I like low prices as much as the next guy, but what you need to realize about this case is that Apple's behavior (legal or not) disrupted a market where Amazon was taking a loss on every book sold to drown out competition, intending to monopolize the market and then charge whatever they damn well pleased once their dominance was permanently established. By forcing Amazon to make a profit, they actually save the DOJ from having to step in with an antitrust suit against them in a few years time.
I appreciate trying to recast Amazon as the plotting culprit here. So play that out. Amazon dominates the Ebook market by that strategy, kills off all competitors, then socks it to us by- say- doubling or tripling prices. What then? Apple and other competitors could step into the market and undercut Amazon's new, much higher prices and kill their monopoly. While Amazon does control how it prices it's products, it doesn't control the products themselves. If suddenly, Amazon decided to triple all prices right now, it's consumers would just shop elsewhere. If there was no elsewhere at the moment, there would soon be many elsewheres popping up looking to take advantage of the huge opportunity provided by Amazon's decision to jack up prices.
Flip it. Can't we see Apple as the Amazon of eMusic? IMO, I think so. Does that stop upstart music competitors from competing against Apple with lower prices and apparently making a profit at lower prices? Lots of other players have music at lower prices than Apple. If Apple suddenly flexed it's dominance on music by doubling or tripling prices, would we all keep paying up or would more of us go buy our music elsewhere?

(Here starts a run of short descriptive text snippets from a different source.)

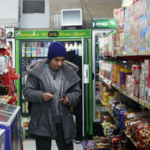 イランで抗議拡大、通貨急落とインフレが火種　米国の関与は強まるのか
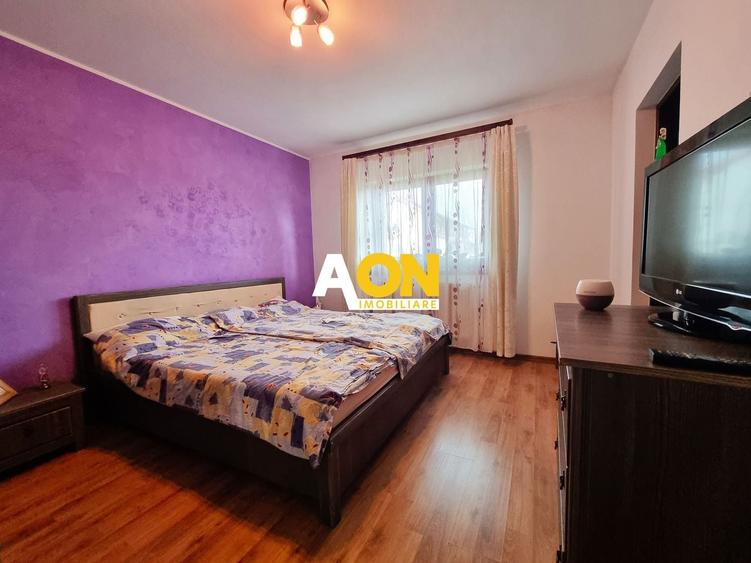 Casă individuală cu 3 camere cu Canalizare în Cetate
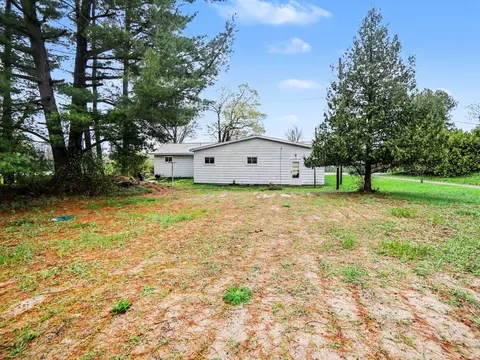 Exterior - 24 E Polk Rd, Hart, MI 49420 photo 2 of 7
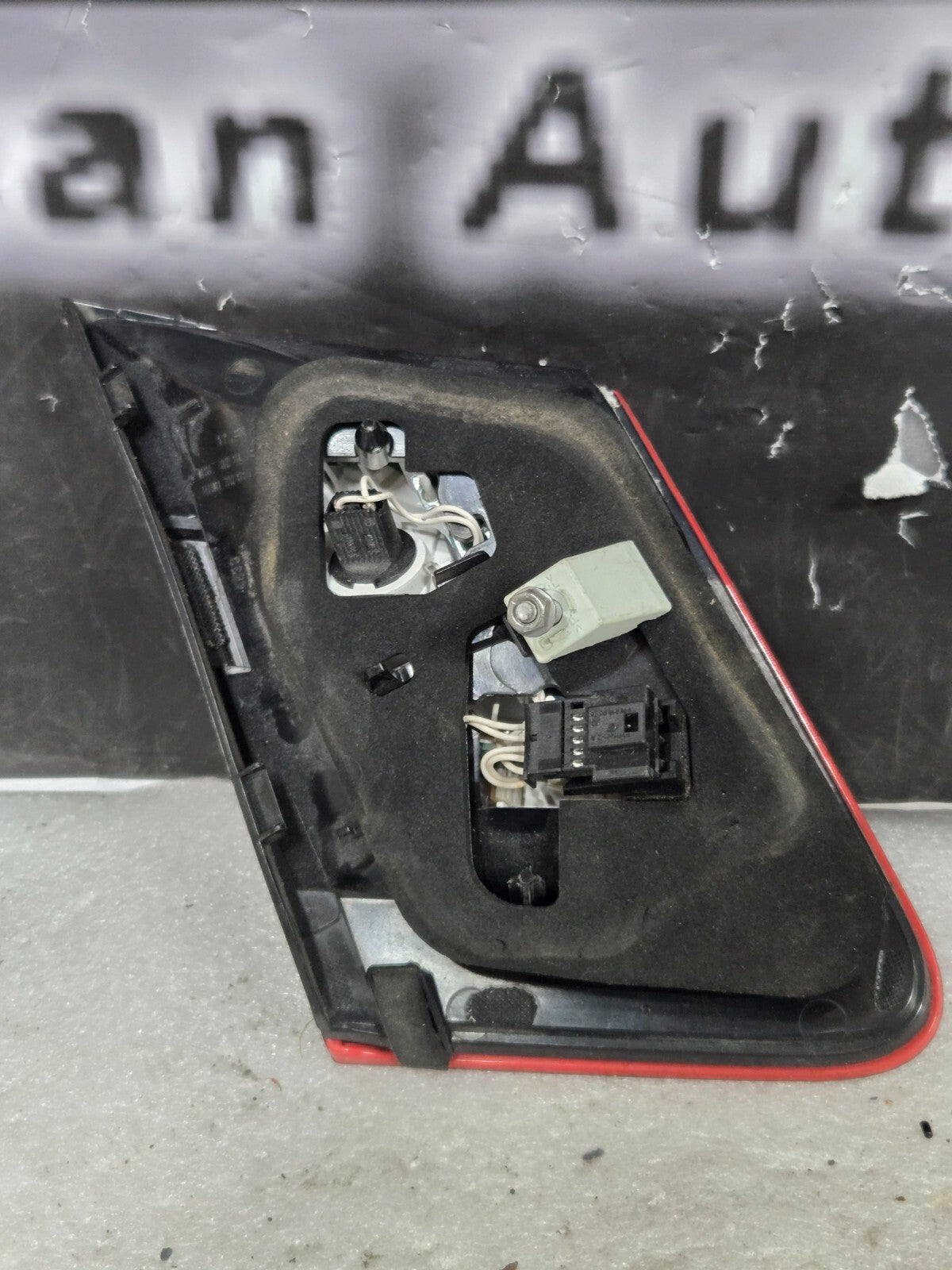 2010-17 Mercedes W212 E350 E550 Sedan Inner Tail Light Right RH OEM A2129060458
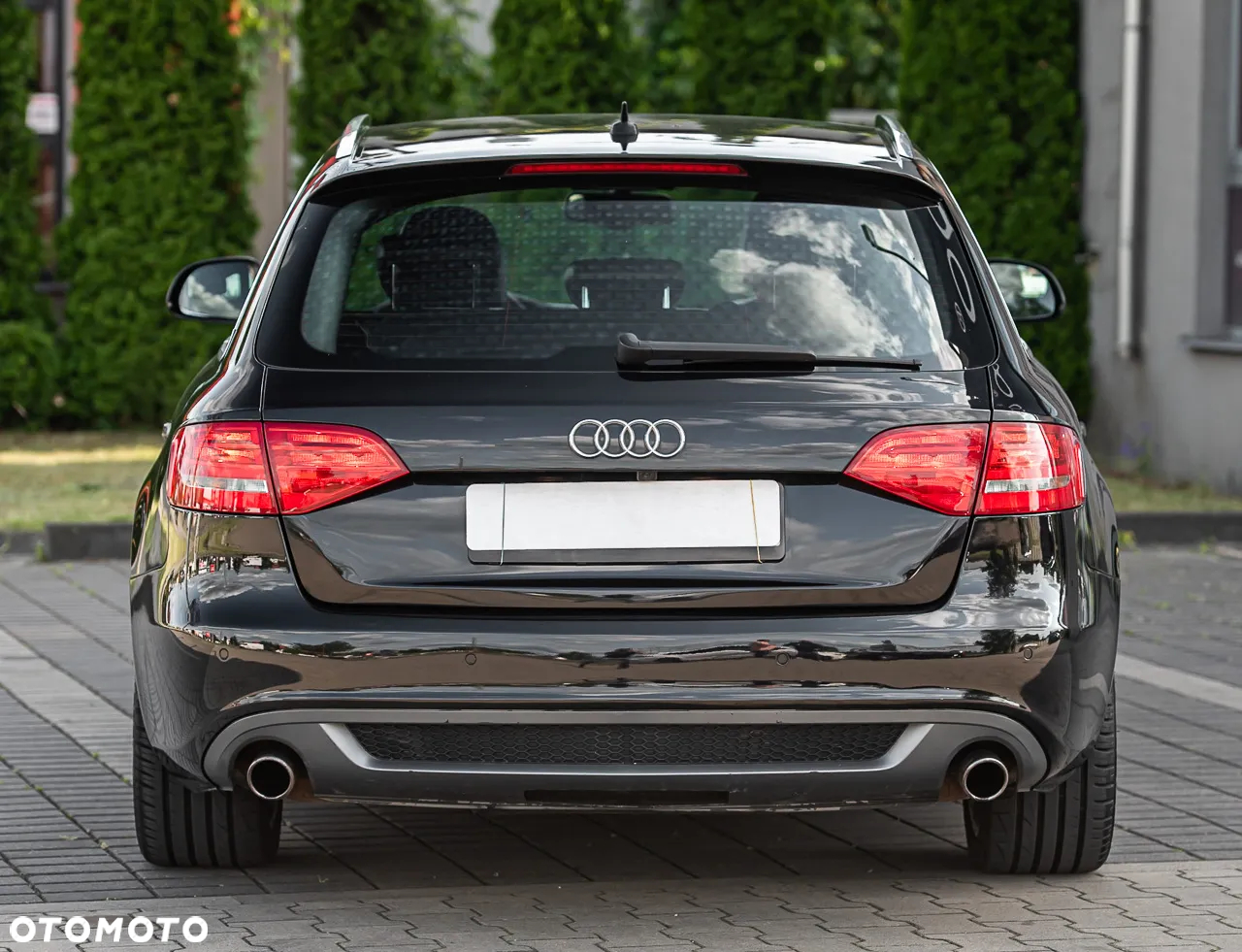 Audi A4 Avant - 11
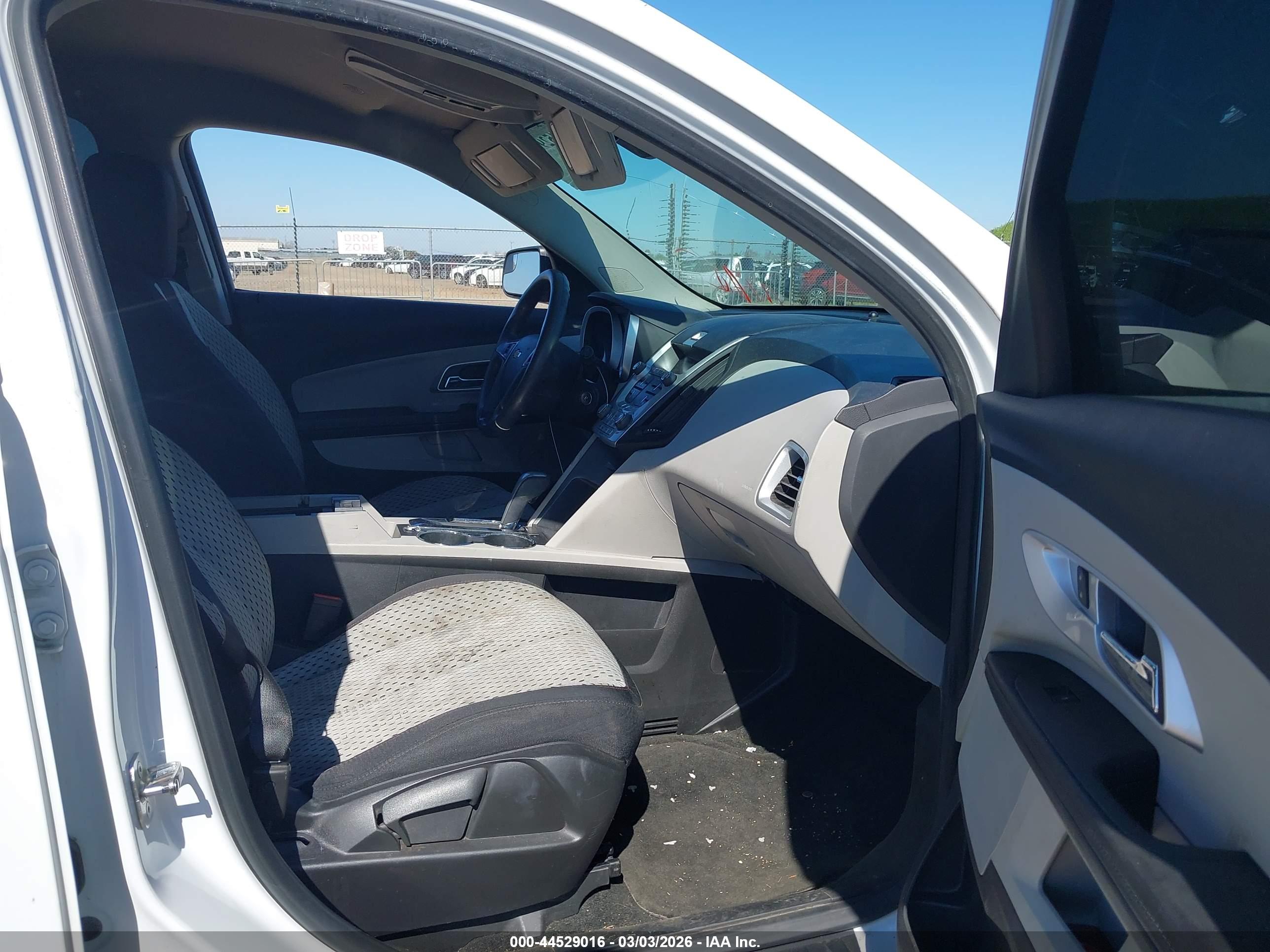 CHEVROLET EQUINOX image 5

There's a big difference between the classic monopoly concept where a company can completely control the flow of a resource (oil, telephone service, etc) and the idea of a retailing monopoly in that the retailer that dominates to kill all competition and then jacks up prices to take advantage will essentially create new competitors who can offer the great consumer appeal of much lower prices. If that was Amazon's grand plan, Apple could have rolled out ebook in that scenario and quickly take a lot of share from the monopoly of that Amazon... make it's target margin and probably then some and not do what they did here.
If you want to talk retail monopoly, think Walmart. What seems to be the #1 focus of Walmart from a consumer's point of view? What makes many e-tailers shop Amazon instead of many other e-tailing stores? Both are built on a price-competing model. Both could indeed have plans to eventually double or triple prices if they ever achieve a complete monopoly, but as soon as they do the shoppers will look for lower-priced alternatives that would pop up right at that point. This is especially true in a cheap infrastructure e-tailing business like Ebooks.
Can this really happen? Think of absolutely unique products like maybe a patented pharma product. Price in U.S.: say $10/pill. Price in- say- Canada: say $2/pill. Anyone buy their medicine from Canada if they had the option? Of course. Need some serious dental work near the Mexican border. $5K or $10K US or drive across the border and get the same for $500 or $1000. Anyone drive across the border for dental services? It's thriving.
Lastly, by saving the DOJ from an anti-trust suit in a few year's time, Apple's actions replaced that legal burden with the current suit underway now.